As we have a mechanism to compare the inferred shape with the JSON input, we can go back to the example I mentioned at the beginning:

Input: [{"name": "John", "age": 25}, {"name": "Jane", "age": 30}]

Filter: .[] | .age, .name | {v: .a}

Where we previously got the local and confusing error

jq: error (at <unknown>): Cannot index number with string "a"

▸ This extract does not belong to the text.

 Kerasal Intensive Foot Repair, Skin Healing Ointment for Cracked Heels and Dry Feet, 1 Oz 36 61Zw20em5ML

We can now get the global and more clear one.

Shape mistmatch detected!
        at [0].age
        Expected: {a: <>}
        Got: 25

Roadmap

The current implementation is a neat demo, but it's only semi-formalized and nowhere near the full jq. The following steps require us to implement a larger subset of jq, while understanding the limitations of the current analysis with further language constructs such as branches, functions, and recursion. We also need to work more on the formalization and error propagation, because the current type errors produced with unification failures are very handwaved.

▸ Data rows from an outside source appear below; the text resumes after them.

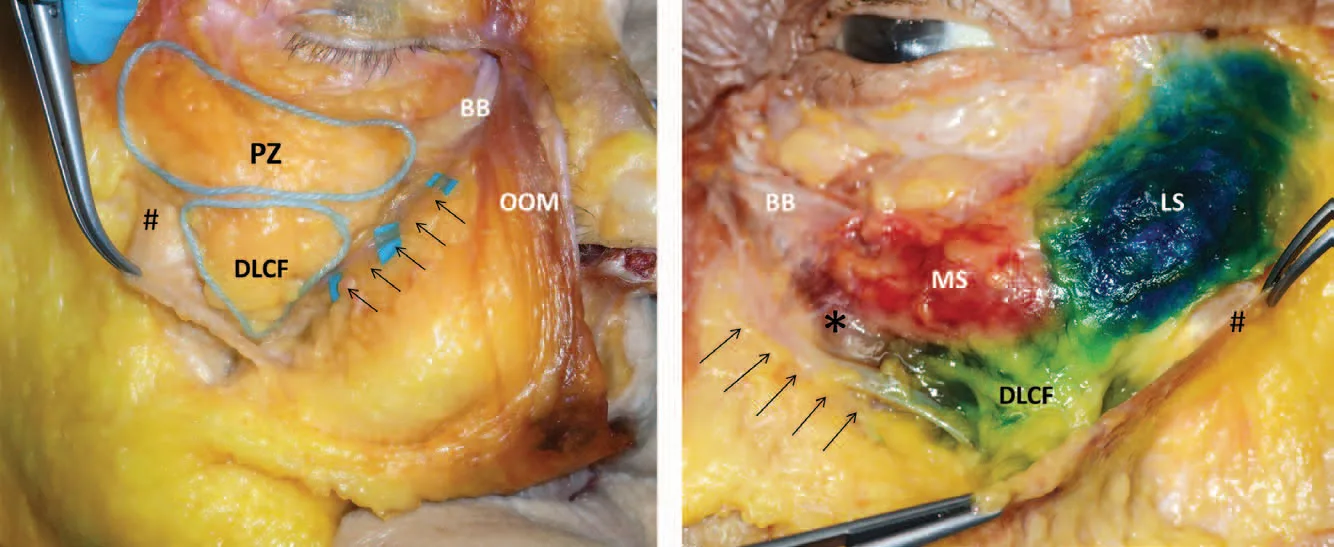 Fig 3. Cadaver infraorbital dissection, deep plane (layer 4/5). PZ = prezygomatic space outlined; DLCF = deep lateral cheek fat; BB = orbital retaining boundary; OOM = orbicularis oculi muscle. Right panel: MS (medial) and LS (lateral) SOOF dyed separately, DLCF below, confirming discrete deep pockets over the zygoma.
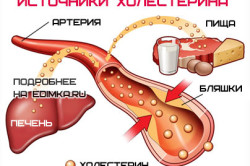 Источники холестирина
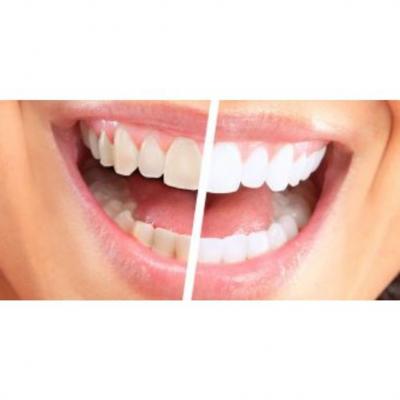 General Dentistry Treatment - Other Other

There is also the second part of the project≤, where we augment jq with optional type hints for the users to provide type information.

Language

  • Parsing(we don't have a parser)
  • Branches
  • Function calls, recursion
  • Error
  • Empty
  • Halt
  • Arithmetic
  • Recursive descent
  • String Interpolation
  • Variable Binding
  • Try-catch/non-local control flow
  • Assignment

Analysis and Type System

  • Branching
  • Recursion, function inlining
  • Type Error vs Error vs Empty vs Null vs Halt
  • Variable binding
  • Try-catch/non-local control flow
  • Assignment

Type Hints

  • Syntax?
  • How do they integrate to the type system?